A la derecha, algunos potreros con altos ceibos, algún ganado y, de pronto, el camino se acaba. Un paso de agua, no más grande que un caño de riego nos frena. Toca ver cuán lejos se llega hacia el oeste.
Volver sobre lo andado, retomar la ruta y seguir el camino hasta llegar al poblado de Boca San Carlos. De nuevo parece que se anda en ruta nacional y que las cosas son como las dijo la presidenta Laura Chinchilla el 17 de febrero en Los Chiles, cuando anunció que la carretera conectaba los pueblos y que ya estaba el dinero para los puentes y que pronto los iban a poner.
Sin embargo, un año después, no hay puentes. Esta vez son los vecinos del río San Carlos los que esperan que se cumpla con la promesa. A un costado de la ribera, el restaurante de Sergio Balladares espera el puente para sacar más provecho de su negocio y a los terrenos que regaló para que pasara la vía.
Balladares sabe poco de lo que pasó en San José, del escándalo por corrupción en las obras que la propia mandataria destapó el 4 de mayo pasado, pero sí recuerda a los ingenieros del Consejo Nacional de Vialidad (Conavi) que llegaron y se hospedaron en su negocio.
“Aquí estuvo (Carlos) Acosta, Manuel (Ramírez) y José (Serrano), se quedaron en mi negocio, almorzaron con nosotros, hasta les ayudamos a abrir la trocha. ¿Quién se iba a imaginar”, dijo.
Más allá de la situación interna del Conavi y de los enredos y atrasos del Gobierno, la principal queja es el abandono.
El material se pierde, la madera quedó tirada en la montaña y desde el año pasado “no ha llegado nadie”.
“Estamos esperando que vengan”, agregó.
El resto del segundo día en la trocha se va en el intento de retomar la vía hacia la localidad de Chorreras; sin embargo, el camino es mucho.
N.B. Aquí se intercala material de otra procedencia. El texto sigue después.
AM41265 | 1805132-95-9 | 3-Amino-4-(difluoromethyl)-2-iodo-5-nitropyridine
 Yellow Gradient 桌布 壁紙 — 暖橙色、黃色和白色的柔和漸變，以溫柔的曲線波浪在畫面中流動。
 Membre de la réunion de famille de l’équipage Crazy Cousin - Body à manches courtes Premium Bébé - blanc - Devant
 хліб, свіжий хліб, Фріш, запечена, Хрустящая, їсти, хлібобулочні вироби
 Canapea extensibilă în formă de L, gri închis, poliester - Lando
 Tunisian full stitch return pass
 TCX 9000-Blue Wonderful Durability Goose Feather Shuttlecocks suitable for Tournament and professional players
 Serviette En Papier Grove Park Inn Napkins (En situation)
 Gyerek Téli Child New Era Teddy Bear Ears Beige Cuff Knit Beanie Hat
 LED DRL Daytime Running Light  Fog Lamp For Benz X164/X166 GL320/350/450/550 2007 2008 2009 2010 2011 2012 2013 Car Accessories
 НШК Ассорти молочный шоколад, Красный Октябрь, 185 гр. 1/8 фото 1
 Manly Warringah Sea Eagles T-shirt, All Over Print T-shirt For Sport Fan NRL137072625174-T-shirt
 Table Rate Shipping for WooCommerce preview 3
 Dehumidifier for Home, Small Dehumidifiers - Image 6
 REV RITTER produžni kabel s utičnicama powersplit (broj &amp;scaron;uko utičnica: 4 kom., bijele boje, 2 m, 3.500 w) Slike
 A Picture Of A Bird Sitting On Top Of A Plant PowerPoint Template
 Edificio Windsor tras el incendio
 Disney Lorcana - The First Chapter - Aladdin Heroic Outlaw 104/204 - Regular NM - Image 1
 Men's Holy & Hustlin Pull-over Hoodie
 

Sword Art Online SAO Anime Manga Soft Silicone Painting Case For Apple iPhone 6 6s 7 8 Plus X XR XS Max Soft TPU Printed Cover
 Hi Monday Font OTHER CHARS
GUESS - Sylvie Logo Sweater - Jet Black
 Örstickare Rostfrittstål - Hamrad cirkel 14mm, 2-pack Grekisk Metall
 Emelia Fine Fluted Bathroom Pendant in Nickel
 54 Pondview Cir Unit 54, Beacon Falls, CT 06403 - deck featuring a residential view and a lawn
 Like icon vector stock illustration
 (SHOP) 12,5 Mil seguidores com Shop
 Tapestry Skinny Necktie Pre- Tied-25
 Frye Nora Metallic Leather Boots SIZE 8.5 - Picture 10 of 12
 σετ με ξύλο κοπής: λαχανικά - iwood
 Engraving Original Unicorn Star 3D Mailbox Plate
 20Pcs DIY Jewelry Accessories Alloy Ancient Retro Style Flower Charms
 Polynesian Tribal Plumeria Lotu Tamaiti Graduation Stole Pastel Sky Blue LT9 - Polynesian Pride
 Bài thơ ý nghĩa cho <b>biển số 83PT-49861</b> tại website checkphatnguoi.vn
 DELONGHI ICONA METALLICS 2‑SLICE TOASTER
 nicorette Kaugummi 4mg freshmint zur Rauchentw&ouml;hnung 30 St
La entrada por la mina Las Crucitas está intransitable y las horas se hacen cortas.
El tercer día acabó en un recorrido angustiante. Tres horas de camino para llegar finalmente a Chorreras de Cutris reflejó la necesaria caída de bosque para abrir camino; empero, había tramos anchos, de hasta 30 metros, donde surgía la duda ¿por qué tan ancha la carretera?
Los mismos vecinos se quejan por la madera sacada, pero optan por el anonimato para evitar represalias. El equipo de La Nación se divide en dos, en procura de cubrir la parte de Los Chiles, de abarcar la ruta, pero, tres días en la trocha no bastan. El camino sigue sin llevar a ninguna parte.